Born Sydney, Australia 1904, died Sydney 1984
John Passmore studied in Sydney with Julian Ashton and George Lambert, and independently in Europe between 1933 and 1950. During this time and throughout his career, Passmore studied the work and ideas of Paul Cézanne. His earlier paintings, hovering between figuration and abstraction, show the French artist’s influences in colour, texture and form.
During the 1950s Passmore taught at the Julian Ashton School where his studio had views over Sydney Harbour, the inspiration for many paintings. Participating in Direction 1, a group exhibition of abstract art at Macquarie Galleries in Sydney (1956), had a strong influence on his practice, providing Passmore with the impetus to explore his theories of the unconscious act in art-making and to experiment with abstraction.

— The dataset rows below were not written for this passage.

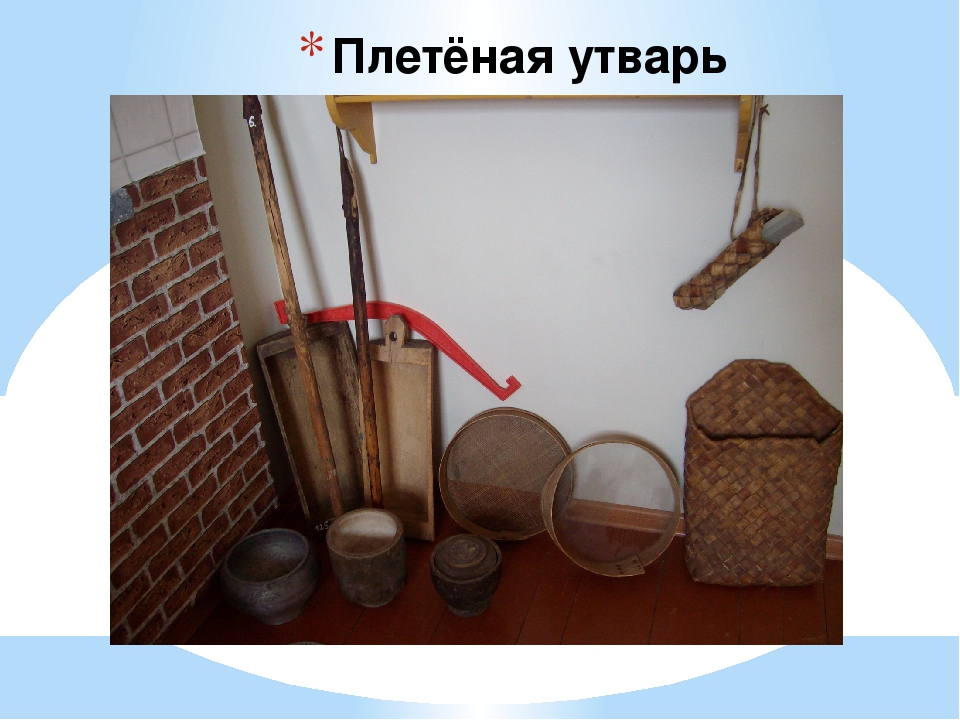 Презентация "Русская изба открывает двери"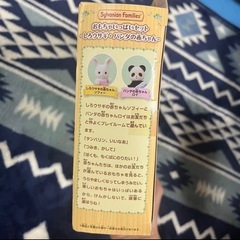 シルバニア　おもちゃいっぱいセットの画像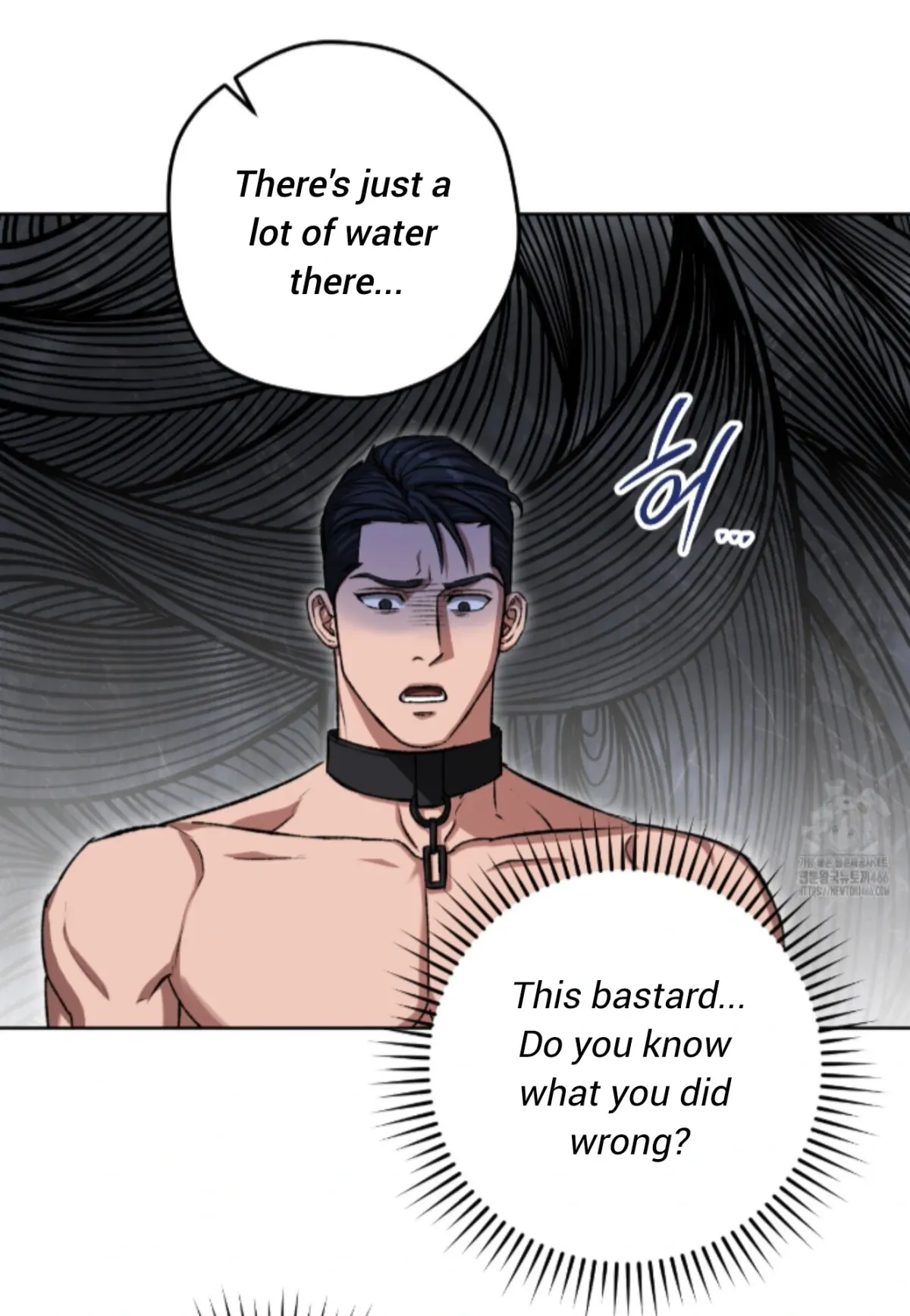 Shock-a-Bye Baby (Novel) Chapter 9 page 13 -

The seagull (1958) shows this influence and was painted at a time when Passmore was increasingly pursuing abstraction. It is one of a number of small abstract paintings the artist made on newspaper and reflects a spontaneity characteristic of his gesture in this later expressionistic period. The work also illustrates the reduction of his palette to more somber tones, in which tertiary colours of black, brown and grey feature strongly.
A major retrospective of Passmore’s work was organised at the Art Gallery of New South Wales in 1984, and he was included in The Antipodeans, Challenges and Response in Australian Art 1955–1965, National Gallery of Australia (2000). His work is represented in the National Gallery of Australia, most state and regional galleries, as well as university and public collections.